++++ EXERCISE DATA
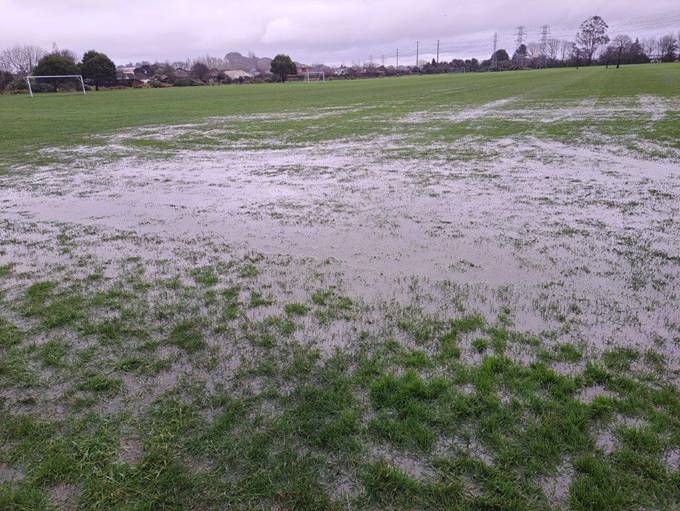 A field with water on it

Description automatically generated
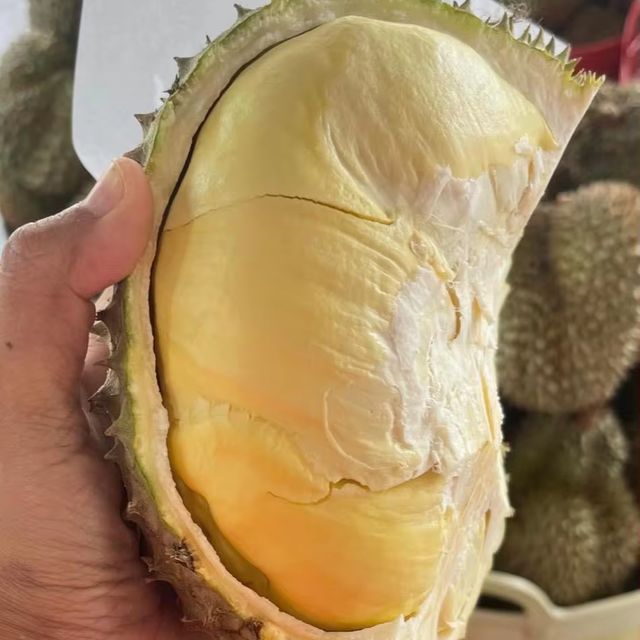 Whole Durian Mon Thong Premium Fresh Organic King of Fruits Original Taste From Thailand Rich & Creamy 3-4 PCS/BOX (Whole) - Image 5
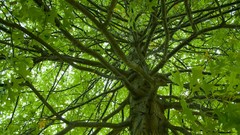 Trees summer branches Green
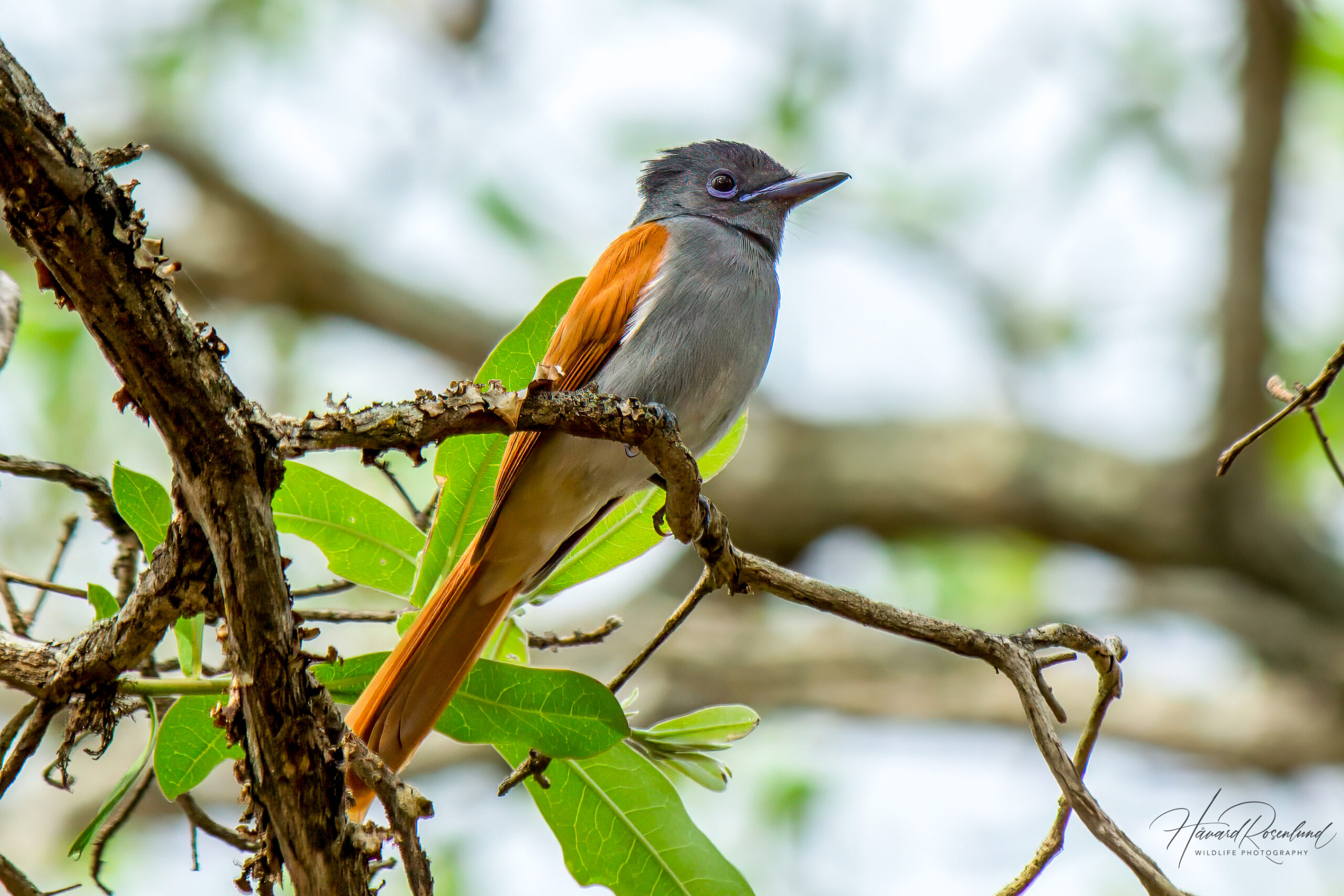 African Paradise Flycatcher (Terpsiphone viridis) -Female @ Ndumo Game Reserve, South Africa. Photo: Håvard Rosenlund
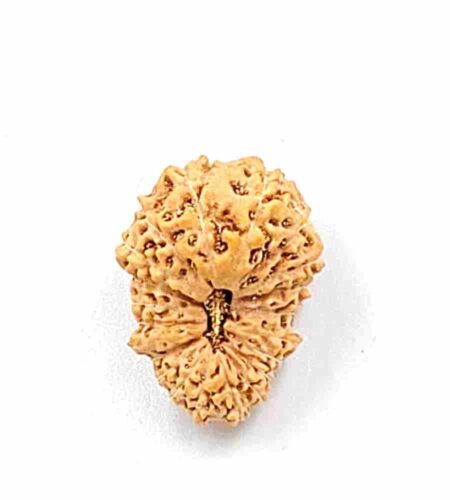 21 Mukhi Indonesian(Size-19.25mm)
++++++++
**HOW TO COMPLETE THIS TASK**:
Copy exactly, leaving out pictures, the lines from the line containing "Description automatically generated" through the last line of the records.

**ANSWER BOX**:
Description automatically generated
 Whole Durian Mon Thong Premium Fresh Organic King of Fruits Original Taste From Thailand Rich & Creamy 3-4 PCS/BOX (Whole) - Image 5
 Trees summer branches Green
 African Paradise Flycatcher (Terpsiphone viridis) -Female @ Ndumo Game Reserve, South Africa. Photo: Håvard Rosenlund
 21 Mukhi Indonesian(Size-19.25mm)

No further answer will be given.